Natürlich ist es Sache der Briten, über ihre Zugehörigkeit zur EU zu entscheiden. Aber dass wir anderen gar nichts dazu sagen dürfen, finde ich auch nicht gut. Schließlich wird ein Brexit auch auf die verbleibenden Mitgliedsstaaten massive Auswirkungen haben. Die Botschaft, die der Rest von Europa schicken müsste, wäre: „Wir fänden es besser, wenn ihr dabei bleibt! Und Ihr könnt es Euch jederzeit wieder anders überlegen." Stattdessen wird immer wieder behauptet, das sei eine rein innerbritische Sache. Falsch: Beim Verlassen gibt es immer einen, der geht, und einen, der verlassen wird. Das ist nichts Einseitiges.
Wie könnte man den Europa-Gedanken fördern, um eine solche Entwicklung wie in Großbritannien zu verhindern?
Als Bürgerinitiative ist Pulse of Europe vor allem angetreten, um emotionale und positive Zeichen für Europa zu setzen. Bei unseren Demonstrationen haben die Teilnehmer am „offenen Mikrofon" ihre Geschichten, Ideen, Wünsche zu Europa erzählt. Und dieses Reden und Zuhören macht den besonderen Reiz aus.
Es zeigt, dass es ein großes Bedürfnis gibt, einen konstruktiven Dialog zur Einheit Europas zu führen. Das wollen wir nun mit einem eigenen Modell der Bürgerbeteiligung fortsetzen und vertiefen. Wir nennen es „Europäische Hausparlamente".

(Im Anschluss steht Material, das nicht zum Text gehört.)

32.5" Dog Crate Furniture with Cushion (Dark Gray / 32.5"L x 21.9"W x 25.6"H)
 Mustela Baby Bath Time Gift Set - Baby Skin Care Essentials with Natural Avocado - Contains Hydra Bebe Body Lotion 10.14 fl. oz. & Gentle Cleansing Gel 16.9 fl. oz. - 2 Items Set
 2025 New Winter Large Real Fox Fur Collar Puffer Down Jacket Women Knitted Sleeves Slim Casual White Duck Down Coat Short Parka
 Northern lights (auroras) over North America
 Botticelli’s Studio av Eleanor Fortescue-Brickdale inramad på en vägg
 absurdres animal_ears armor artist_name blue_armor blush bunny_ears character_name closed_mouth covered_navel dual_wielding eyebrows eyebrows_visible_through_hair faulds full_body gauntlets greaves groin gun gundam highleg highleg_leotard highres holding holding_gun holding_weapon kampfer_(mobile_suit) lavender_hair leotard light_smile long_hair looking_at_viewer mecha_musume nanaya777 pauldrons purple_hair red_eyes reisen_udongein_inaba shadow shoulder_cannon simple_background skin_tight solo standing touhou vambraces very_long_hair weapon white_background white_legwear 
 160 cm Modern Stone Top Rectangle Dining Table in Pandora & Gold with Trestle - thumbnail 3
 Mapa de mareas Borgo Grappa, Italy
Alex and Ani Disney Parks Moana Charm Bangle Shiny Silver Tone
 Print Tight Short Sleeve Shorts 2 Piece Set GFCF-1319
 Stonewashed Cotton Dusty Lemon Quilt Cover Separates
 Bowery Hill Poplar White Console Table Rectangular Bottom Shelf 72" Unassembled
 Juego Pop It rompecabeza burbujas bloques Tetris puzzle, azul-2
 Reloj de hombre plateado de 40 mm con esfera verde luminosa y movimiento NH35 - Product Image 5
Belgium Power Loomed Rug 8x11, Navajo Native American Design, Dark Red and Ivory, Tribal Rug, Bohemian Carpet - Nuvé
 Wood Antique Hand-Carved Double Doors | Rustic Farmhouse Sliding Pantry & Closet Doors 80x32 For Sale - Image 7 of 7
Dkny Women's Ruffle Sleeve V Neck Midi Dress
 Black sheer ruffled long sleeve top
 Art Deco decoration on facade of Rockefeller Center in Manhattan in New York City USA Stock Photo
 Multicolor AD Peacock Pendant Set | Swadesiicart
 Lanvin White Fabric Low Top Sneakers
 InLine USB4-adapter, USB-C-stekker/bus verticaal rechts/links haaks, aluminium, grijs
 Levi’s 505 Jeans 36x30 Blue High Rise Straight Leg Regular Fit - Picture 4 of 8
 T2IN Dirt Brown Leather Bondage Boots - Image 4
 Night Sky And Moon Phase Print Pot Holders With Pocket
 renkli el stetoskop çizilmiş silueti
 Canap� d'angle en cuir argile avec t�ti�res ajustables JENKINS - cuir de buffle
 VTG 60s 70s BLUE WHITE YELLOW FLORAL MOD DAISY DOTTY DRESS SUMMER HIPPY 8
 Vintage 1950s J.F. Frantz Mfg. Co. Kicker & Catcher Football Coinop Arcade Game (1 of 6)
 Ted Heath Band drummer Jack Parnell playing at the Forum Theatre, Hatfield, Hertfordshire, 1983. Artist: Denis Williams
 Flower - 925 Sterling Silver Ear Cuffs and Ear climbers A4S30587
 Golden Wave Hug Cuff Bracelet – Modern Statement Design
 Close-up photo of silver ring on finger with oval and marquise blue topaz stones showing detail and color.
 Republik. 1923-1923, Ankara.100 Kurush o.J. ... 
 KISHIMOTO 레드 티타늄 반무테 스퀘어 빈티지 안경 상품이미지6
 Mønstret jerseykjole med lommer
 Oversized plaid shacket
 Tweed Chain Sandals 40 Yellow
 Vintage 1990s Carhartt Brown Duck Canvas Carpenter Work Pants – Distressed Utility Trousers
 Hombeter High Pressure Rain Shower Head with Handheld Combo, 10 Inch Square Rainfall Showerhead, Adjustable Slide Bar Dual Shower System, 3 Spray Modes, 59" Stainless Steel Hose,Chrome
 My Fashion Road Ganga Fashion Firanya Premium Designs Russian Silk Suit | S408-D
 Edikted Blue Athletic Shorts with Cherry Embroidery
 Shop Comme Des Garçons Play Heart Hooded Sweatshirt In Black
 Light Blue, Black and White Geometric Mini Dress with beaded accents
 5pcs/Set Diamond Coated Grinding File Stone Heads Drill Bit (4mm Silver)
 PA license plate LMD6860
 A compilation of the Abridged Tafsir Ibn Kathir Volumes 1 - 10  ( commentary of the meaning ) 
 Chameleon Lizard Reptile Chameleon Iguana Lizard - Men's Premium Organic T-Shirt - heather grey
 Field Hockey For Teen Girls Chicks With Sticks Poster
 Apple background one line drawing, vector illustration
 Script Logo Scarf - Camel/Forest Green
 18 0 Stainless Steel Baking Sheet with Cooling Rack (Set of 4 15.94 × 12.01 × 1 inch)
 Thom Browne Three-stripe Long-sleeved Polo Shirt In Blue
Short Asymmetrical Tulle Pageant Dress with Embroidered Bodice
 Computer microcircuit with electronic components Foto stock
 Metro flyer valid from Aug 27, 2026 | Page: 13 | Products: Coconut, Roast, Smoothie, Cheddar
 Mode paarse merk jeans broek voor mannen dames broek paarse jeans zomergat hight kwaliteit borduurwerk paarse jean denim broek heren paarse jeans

Was sind denn „Hausparlamente"?
Ich lade mir fünf bis acht Freunde oder Kollegen ein oder treffe mich mit ihnen im Café oder Biergarten. Möglichst Leute, bei denen ich das Gefühl habe, dass sie anderer Meinung sind als ich. Von Pulse of Europe gibt’s dazu ein Toolkit mit einer Frage und eine Anleitung zur Debatte, also Tipps, wie so etwas stattfinden kann. Und vor allem mit fundierten Informationen zum Thema. Dann wird die Frage debattiert und anschließend abgestimmt. Die Abstimmungsergebnisse sammeln wir. Und das Reizvolle ist: Wir von Pulse of Europe schließen vorher eine Art Pakt mit einem politischen Entscheider, für den die jeweilige Frage gerade ansteht. Der ist natürlich weiterhin frei in seiner Entscheidung. Aber er verpflichtet sich, die Ergebnisse der Hausparlamente zur Kenntnis zu nehmen. Und vor allem: Er gibt Rückmeldung und begründet seine Entscheidung. So, dass wirklich ein Dialog stattfindet, ein Austausch.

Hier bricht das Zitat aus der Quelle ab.